European fund manager Rockspring Property Investment Managers hopes to raise up to €500 mln in the second close of its TransEuropean Property VI fund (TEP VI), which could take place as early as this month.

European fund manager Rockspring Property Investment Managers hopes to raise up to €500 mln in the second close of its TransEuropean Property VI fund (TEP VI), which could take place as early as this month.

‘We are working with a number of investors ahead of the fund’s second closing,’ said Paul Hampton, Rockspring partner and fund director of the TransEuropean series, told PropertyEU this week. ‘Our initial target was to raise €400 mln of equity, which would make TEP VI the largest fund within the TEP series. At this point we are making excellent progress towards that goal - our upper limit is €500 mln.’

Rockspring has invested more than €270 mln on behalf of the fund since its first close in October last year. In February, it announced that it had closed three transactions on behalf of the fund: a 45,000 square metre business park development in Geneva that was acquired off-market, a 10,111 m2 office in Hammersmith in London and a portfolio of four logistics assets totaling 214,000 m2 along the north-to-south logistics corridor in France.

‘These deals are absolutely consistent with where we see value at the moment,’ Hampton said. ‘In Geneva, for example, we are developing out a business/hi-tech campus in what is an acutely under-provided for submarket. This will be the third follow-on deal in a series of successful developments undertaken by Rockspring in Plan-les-Ouates in the last 10 years.’ The French logistics portfolio, which is located across France, offers ‘a strong opening cash flow together with quite a bit of value upside’, Hampton said.

Doubling down in Europe
Rockspring has doubled its European investment year-on-year, investing €1.45 bn last year, up from €760 mln in 2014. The fund manager’s biggest acquisition in 2015 was that of a €350 mln portfolio of German out-of-town retail warehouse assets in a joint venture with PGGM and AG Real Estate. The portfolio was acquired from a joint venture between Capital & Regional and a real estate fund managed by Ares Management in February.

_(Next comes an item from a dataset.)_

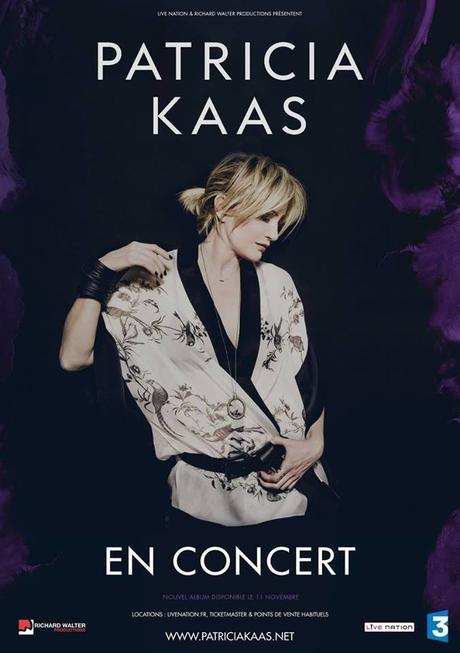 Patricia Kaas retrouve son élément la scène à Paris Salle Pleyel et dans toute la France en tournée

‘We feel that both the UK and continental European markets offer some interesting investment opportunities at present,’ said Hampton. ‘Our main focus this year is to close out our fundraising for our TEP VI fund. That really is the most important thing to us. We may find enough opportunities to fully invest our new fund within 18 months, although we have given ourselves a window of 24 months.’ With gearing, the fund is expected to have firepower of around €1bn, he added.

International investors have also shown interest in TEP VI: at the fund’s first close, Rockspring attracted investment from five investors from the US, continental Europe and the UK. ‘We’re very proud of the fact that they are all repeat investors,’ he said. The fund has an ambitious target annual net return of 12%.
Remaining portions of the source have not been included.